+++ Input data

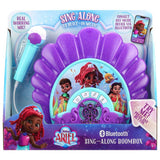 Disney Ariel Bluetooth sing along boombox (British brand)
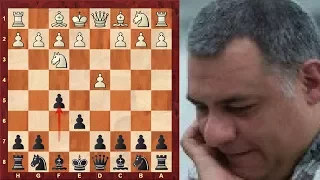 Dutch Defence : Instructive Game - H.Tebbs vs T.Gavriel (Chessworld.net)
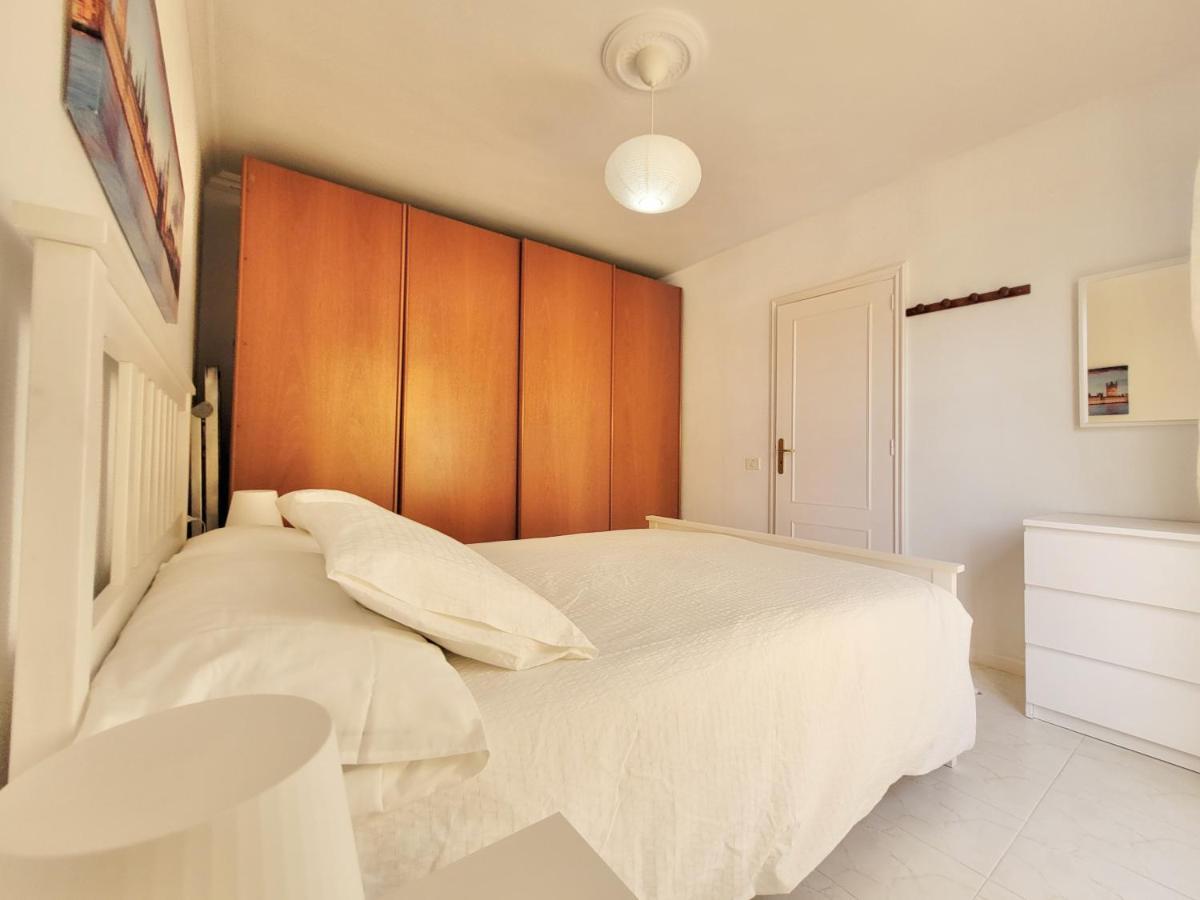 Arena Beach Apartment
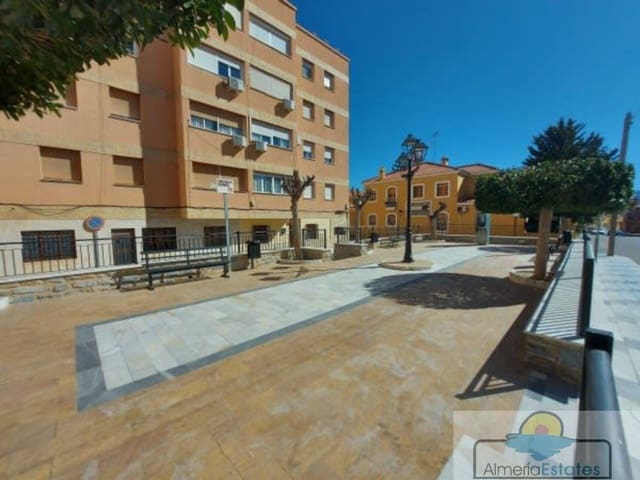 3 soveværelse Lejlighed til salg i Olula del Río - € 31.000 (Ref: 7066761)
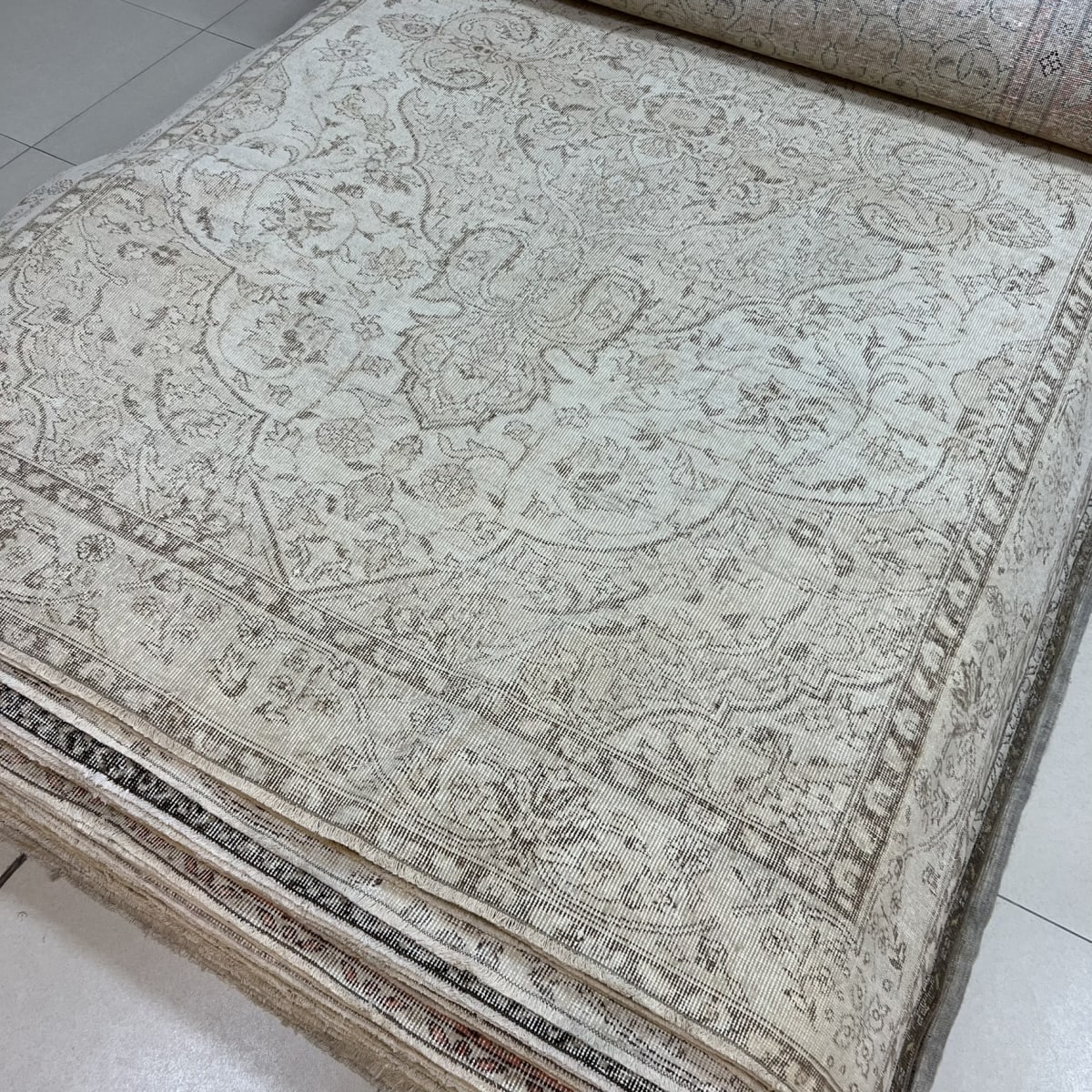 Alfombra Turca Sherif 300x2121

++++++

» **Instructions to follow**: Your copy should hold only the lines from the line with "3 soveværelse Lejlighed" through the end of the data above, both ends included, transcribed exactly and without pictures.

» **Response**:
 3 soveværelse Lejlighed til salg i Olula del Río - € 31.000 (Ref: 7066761)
 Alfombra Turca Sherif 300x2121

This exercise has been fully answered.